I materiali sono sostanzialmente di due generi, per altro, mischiati insieme: le parole dirette del regista e le domande, più o meno mediocri, dei giornalisti. L’unica eccezione riguarda l’articolo già citato. Inutile dire che le parti scritte dai giornalisti, più o meno di settore, possono interessare solamente chi leggesse questo libro sperando di avere brandelli della vita del misterioso Kubrick. D’altra parte, solo leggendo le domande disarmanti a cui Kubrick fu sottoposto, ci si rende conto di quanto seccante dovesse essere, per un uomo la cui ricerca della verità e dell’assoluto estetico erano di portata metafisica, rispondere a delle domande del tipo “come spende i suoi soldi?” Così si capiscono meglio le ragioni di un uomo che ha deciso di mantenere la propria vita privata e non una pietanza del banchetto allestito per la massa. Per fortuna, Kubrick era solito eludere i quesiti del tutto inessenziali e si concentrava sempre attorno ai problemi del proprio cinema e della sua visione del mondo, se questo era importante per comprendere il film. L’unica eccezione da segnalare, per quanto riguarda il potenziale interesse diretto dei pezzi non del regista, riguarda il capitolo di Jeremy Bernstein PROFILO DI STANLEY KUBRICK del 1966. Per il resto, il materiale giornalistico informativo è piuttosto mediocre e ridondante: le introduzioni delle interviste al personaggio “Kubrick” manifestano tutte la dipendenza dello scribacchino di turno alla propria testata giornalistica (così quello della rivista Rolling Stones farà osservazioni sulle scelte musicali mentre quello di Playboy (sic!) farà delle considerazioni generali sull’espatrio in Inghilterra del regista che, tra l’altro, costituisce una delle domande costanti e perfettamente inutili).

Elencare tutti i difetti del libro risulta un lavoro facile e fastidioso: facile perché sono davvero tanti ed evidenti, fastidioso perché lo si vorrebbe evitare.
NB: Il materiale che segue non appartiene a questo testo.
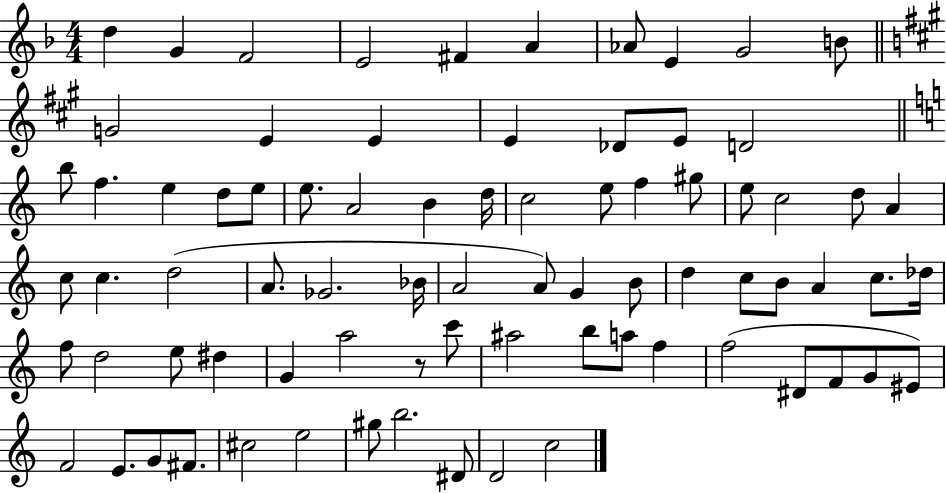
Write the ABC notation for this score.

X:1
T:Untitled
M:4/4
L:1/4
K:F
d G F2 E2 ^F A _A/2 E G2 B/2 G2 E E E _D/2 E/2 D2 b/2 f e d/2 e/2 e/2 A2 B d/4 c2 e/2 f ^g/2 e/2 c2 d/2 A c/2 c d2 A/2 _G2 _B/4 A2 A/2 G B/2 d c/2 B/2 A c/2 _d/4 f/2 d2 e/2 ^d G a2 z/2 c'/2 ^a2 b/2 a/2 f f2 ^D/2 F/2 G/2 ^E/2 F2 E/2 G/2 ^F/2 ^c2 e2 ^g/2 b2 ^D/2 D2 c2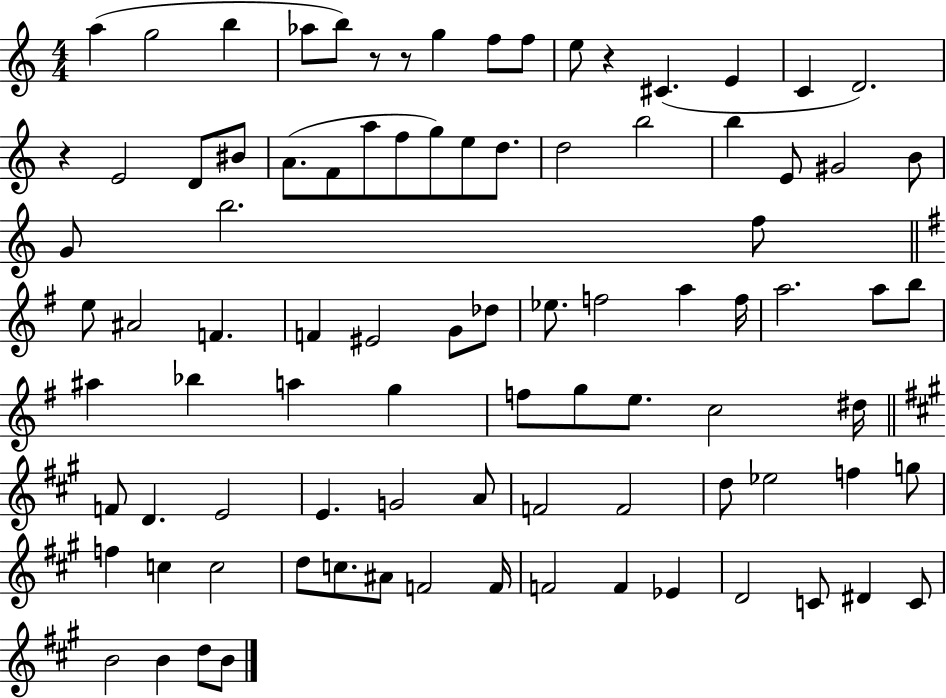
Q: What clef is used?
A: treble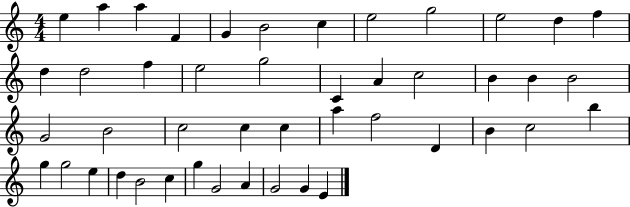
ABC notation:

X:1
T:Untitled
M:4/4
L:1/4
K:C
e a a F G B2 c e2 g2 e2 d f d d2 f e2 g2 C A c2 B B B2 G2 B2 c2 c c a f2 D B c2 b g g2 e d B2 c g G2 A G2 G E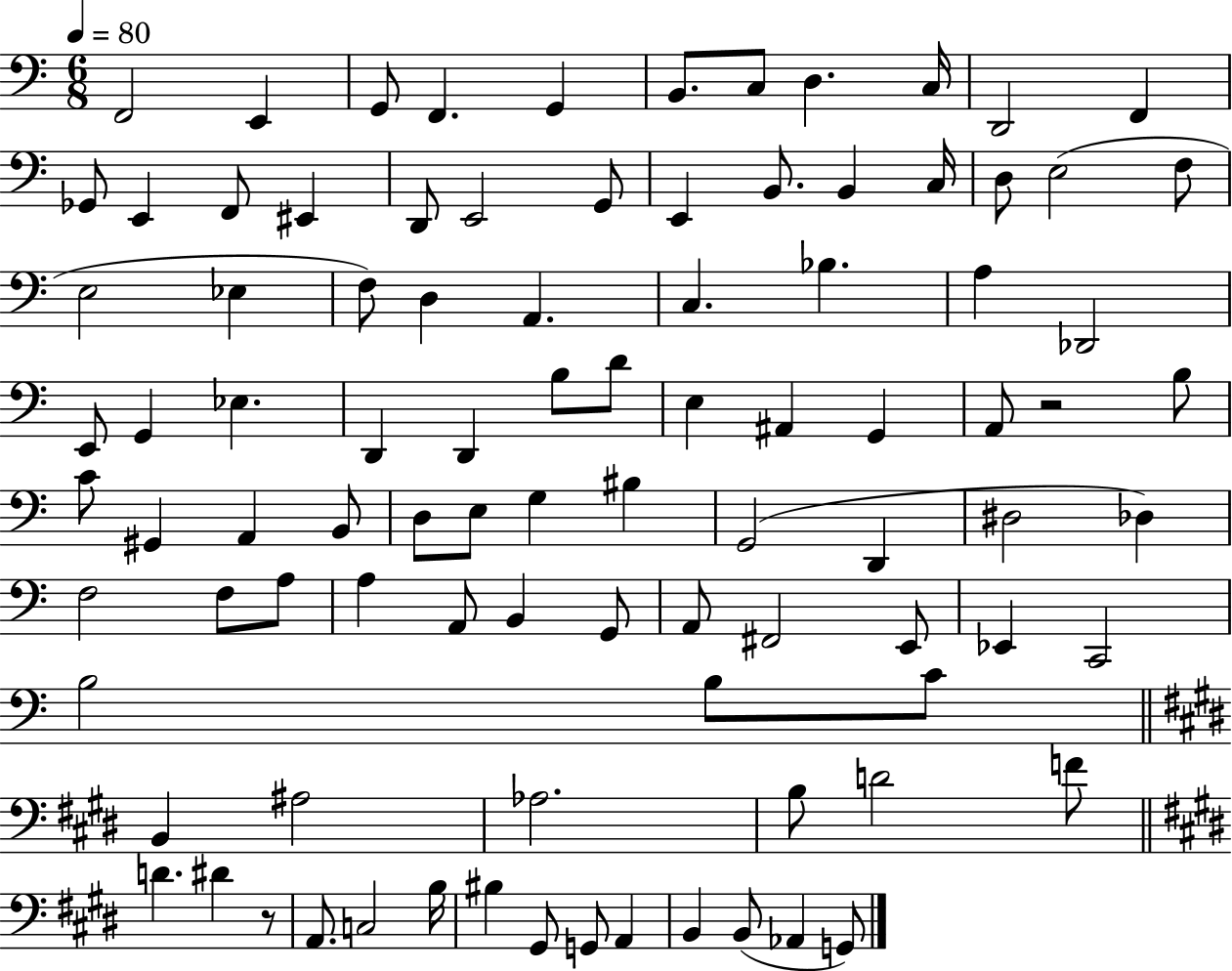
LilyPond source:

{
  \clef bass
  \numericTimeSignature
  \time 6/8
  \key c \major
  \tempo 4 = 80
  \repeat volta 2 { f,2 e,4 | g,8 f,4. g,4 | b,8. c8 d4. c16 | d,2 f,4 | \break ges,8 e,4 f,8 eis,4 | d,8 e,2 g,8 | e,4 b,8. b,4 c16 | d8 e2( f8 | \break e2 ees4 | f8) d4 a,4. | c4. bes4. | a4 des,2 | \break e,8 g,4 ees4. | d,4 d,4 b8 d'8 | e4 ais,4 g,4 | a,8 r2 b8 | \break c'8 gis,4 a,4 b,8 | d8 e8 g4 bis4 | g,2( d,4 | dis2 des4) | \break f2 f8 a8 | a4 a,8 b,4 g,8 | a,8 fis,2 e,8 | ees,4 c,2 | \break b2 b8 c'8 | \bar "||" \break \key e \major b,4 ais2 | aes2. | b8 d'2 f'8 | \bar "||" \break \key e \major d'4. dis'4 r8 | a,8. c2 b16 | bis4 gis,8 g,8 a,4 | b,4 b,8( aes,4 g,8) | \break } \bar "|."
}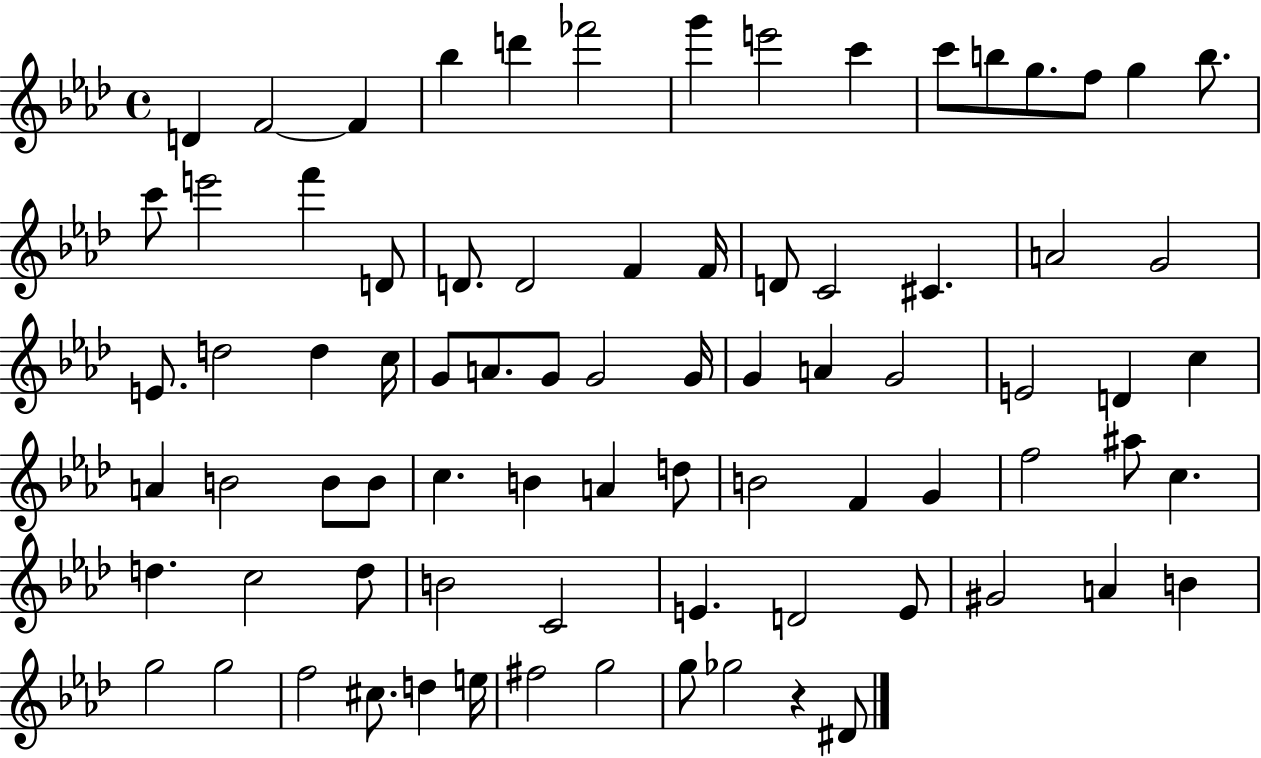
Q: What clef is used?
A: treble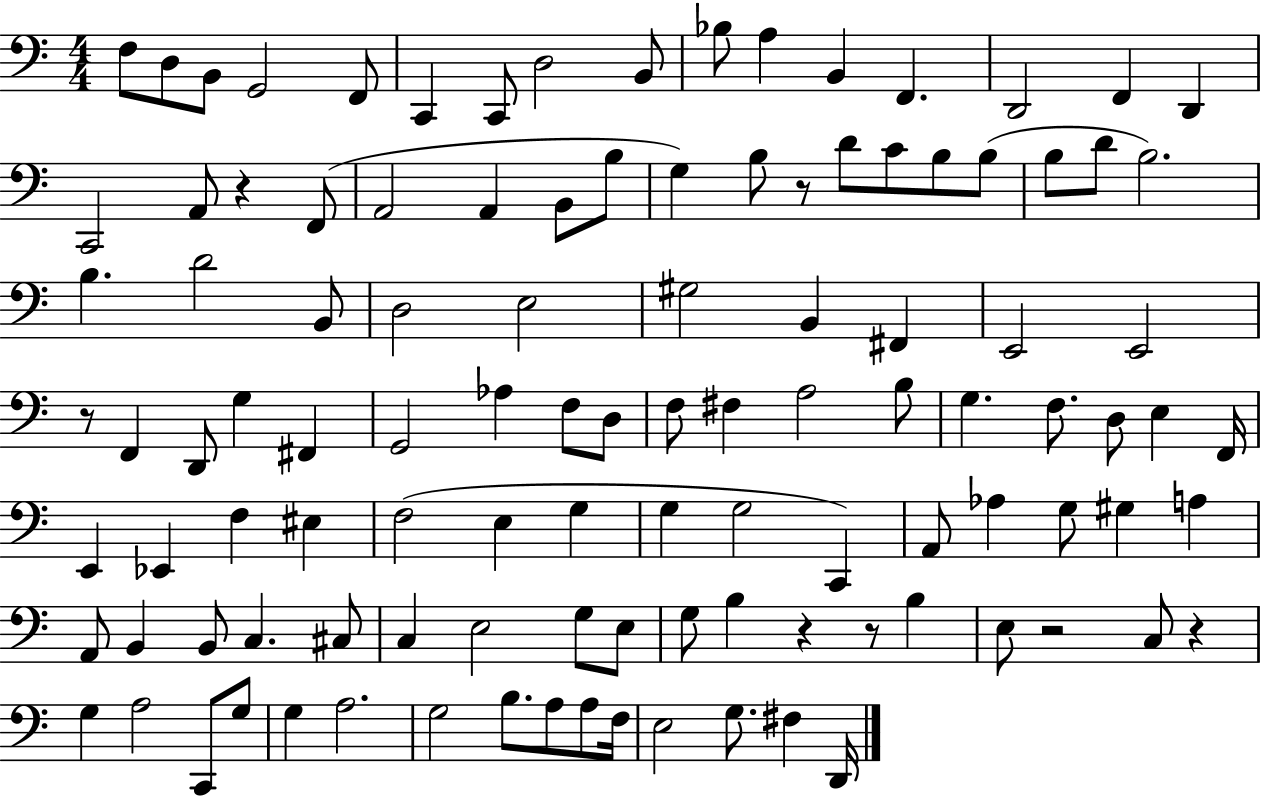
F3/e D3/e B2/e G2/h F2/e C2/q C2/e D3/h B2/e Bb3/e A3/q B2/q F2/q. D2/h F2/q D2/q C2/h A2/e R/q F2/e A2/h A2/q B2/e B3/e G3/q B3/e R/e D4/e C4/e B3/e B3/e B3/e D4/e B3/h. B3/q. D4/h B2/e D3/h E3/h G#3/h B2/q F#2/q E2/h E2/h R/e F2/q D2/e G3/q F#2/q G2/h Ab3/q F3/e D3/e F3/e F#3/q A3/h B3/e G3/q. F3/e. D3/e E3/q F2/s E2/q Eb2/q F3/q EIS3/q F3/h E3/q G3/q G3/q G3/h C2/q A2/e Ab3/q G3/e G#3/q A3/q A2/e B2/q B2/e C3/q. C#3/e C3/q E3/h G3/e E3/e G3/e B3/q R/q R/e B3/q E3/e R/h C3/e R/q G3/q A3/h C2/e G3/e G3/q A3/h. G3/h B3/e. A3/e A3/e F3/s E3/h G3/e. F#3/q D2/s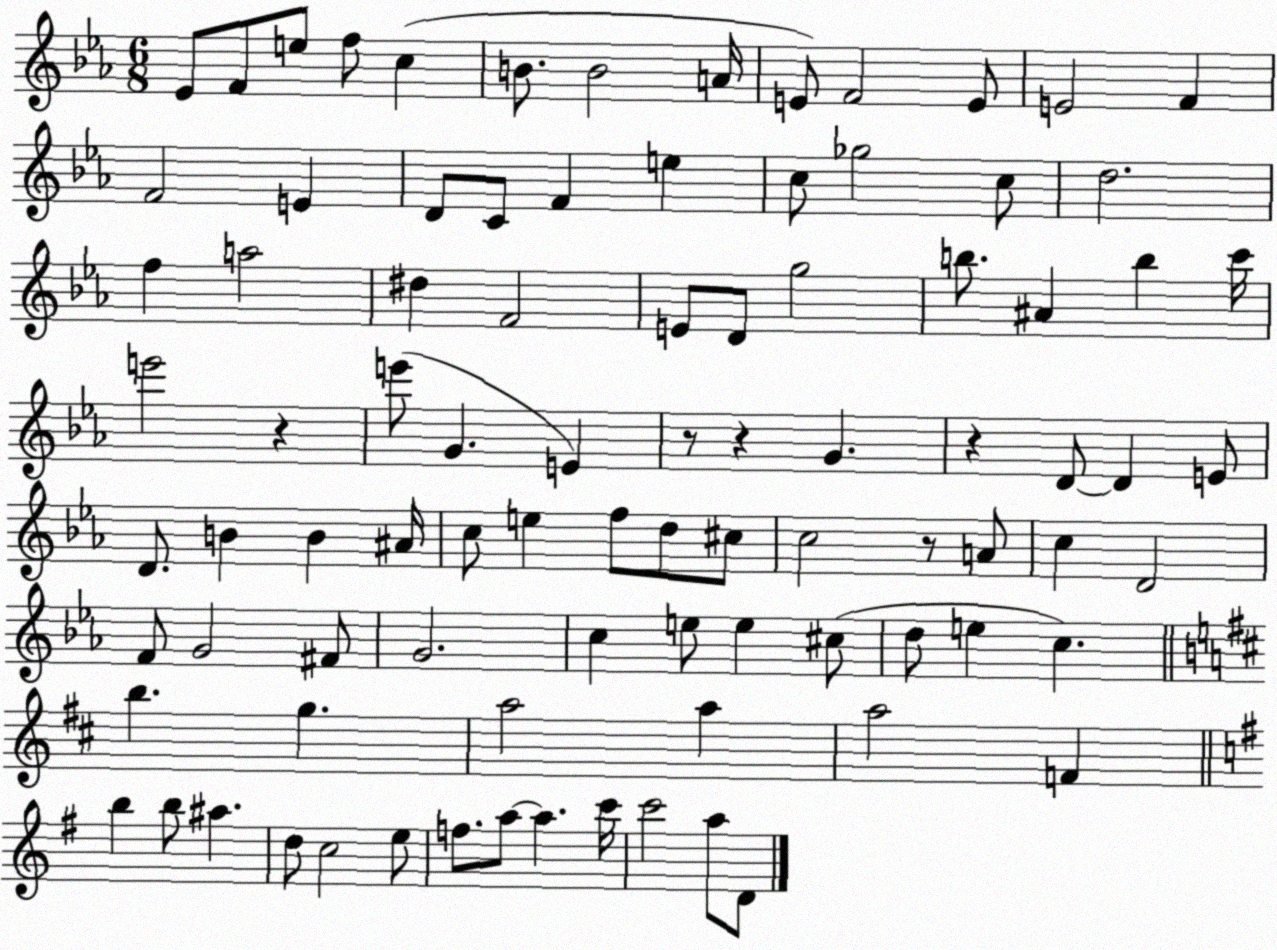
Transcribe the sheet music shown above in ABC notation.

X:1
T:Untitled
M:6/8
L:1/4
K:Eb
_E/2 F/2 e/2 f/2 c B/2 B2 A/4 E/2 F2 E/2 E2 F F2 E D/2 C/2 F e c/2 _g2 c/2 d2 f a2 ^d F2 E/2 D/2 g2 b/2 ^A b c'/4 e'2 z e'/2 G E z/2 z G z D/2 D E/2 D/2 B B ^A/4 c/2 e f/2 d/2 ^c/2 c2 z/2 A/2 c D2 F/2 G2 ^F/2 G2 c e/2 e ^c/2 d/2 e c b g a2 a a2 F b b/2 ^a d/2 c2 e/2 f/2 a/2 a c'/4 c'2 a/2 D/2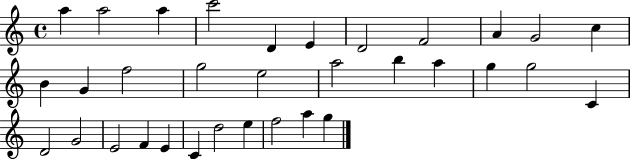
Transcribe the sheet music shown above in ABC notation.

X:1
T:Untitled
M:4/4
L:1/4
K:C
a a2 a c'2 D E D2 F2 A G2 c B G f2 g2 e2 a2 b a g g2 C D2 G2 E2 F E C d2 e f2 a g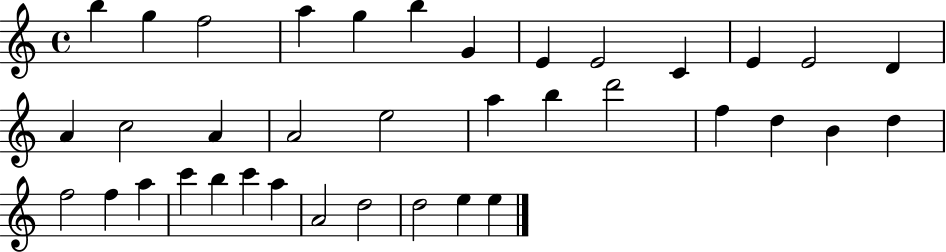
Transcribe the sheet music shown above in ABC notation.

X:1
T:Untitled
M:4/4
L:1/4
K:C
b g f2 a g b G E E2 C E E2 D A c2 A A2 e2 a b d'2 f d B d f2 f a c' b c' a A2 d2 d2 e e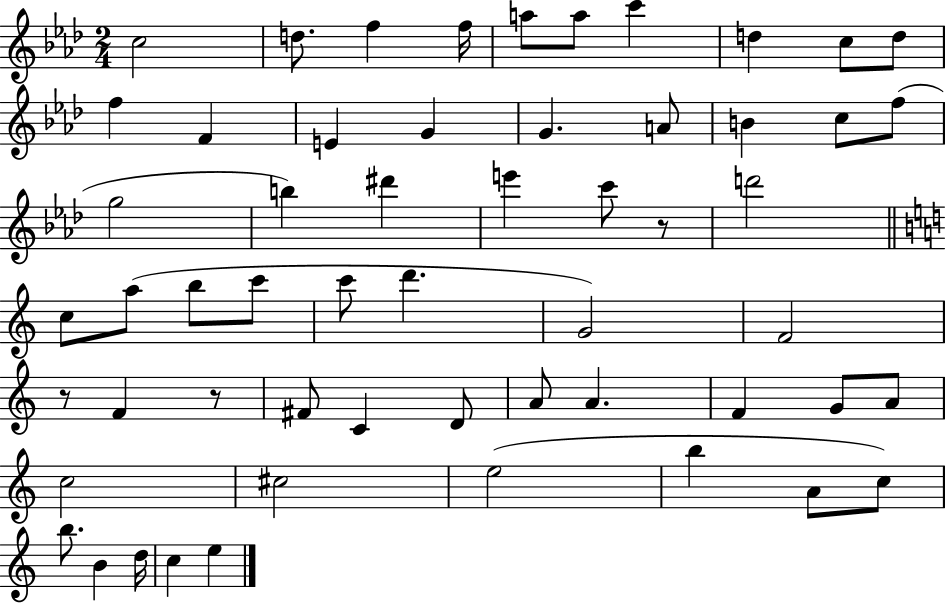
C5/h D5/e. F5/q F5/s A5/e A5/e C6/q D5/q C5/e D5/e F5/q F4/q E4/q G4/q G4/q. A4/e B4/q C5/e F5/e G5/h B5/q D#6/q E6/q C6/e R/e D6/h C5/e A5/e B5/e C6/e C6/e D6/q. G4/h F4/h R/e F4/q R/e F#4/e C4/q D4/e A4/e A4/q. F4/q G4/e A4/e C5/h C#5/h E5/h B5/q A4/e C5/e B5/e. B4/q D5/s C5/q E5/q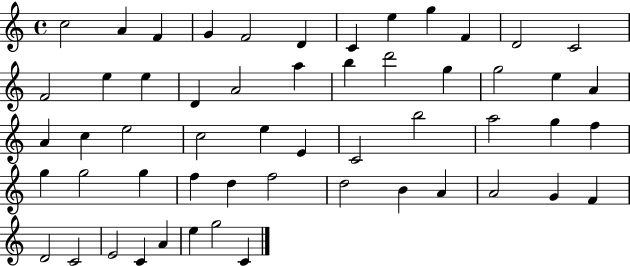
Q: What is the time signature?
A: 4/4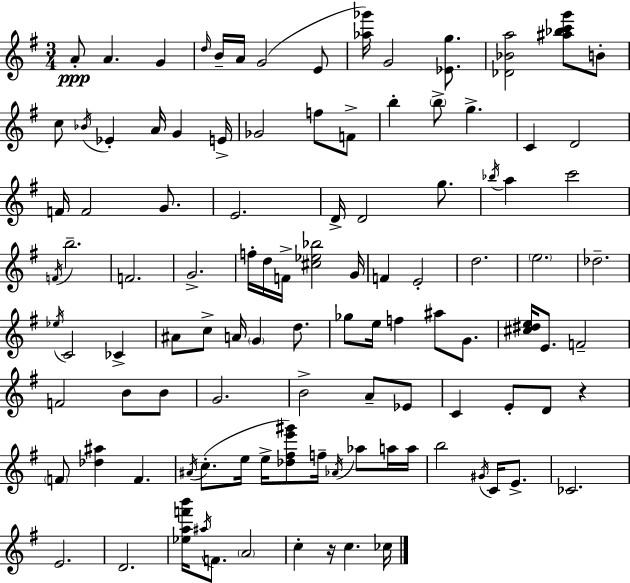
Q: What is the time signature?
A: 3/4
Dunque, oltre alla già citata bassa qualità dell’informazione giornalistica e alle domande del tutto inessenziali e alla disonestà di chi ha messo in copertina il nome di Kubrick come fosse l’autore effettivo del libro, le carenze riguardano anche la ridondanza delle domande e delle risposte: per esempio, sono un chiodi fisso l’espatrio di Kubrick in Inghilterra piuttosto che la sua paura per il volo e per le armi nucleari o su quale sia la migliore interpretazione di 2001 e se, dopo la morte, Kubrick si sarebbe fatto ibernare. E anche le risposte sono sempre molto simili perché il regista aveva l’abitudine di correggere (proprio così!) il materiale giornalistico che lo riguardava e aggiungeva o toglieva parti per riuscire a trasmettere il suo messaggio in modo meno distorto possibile. Così si ha un effetto di ridondanza (perché Kubrick riprendeva, talvolta, le risposte già date e le riproponeva identiche) che, talvolta, può portare alla confusione di fronte a ciò che si sta leggendo: lo si è già letto oppure no?, una domanda di portata paradossale.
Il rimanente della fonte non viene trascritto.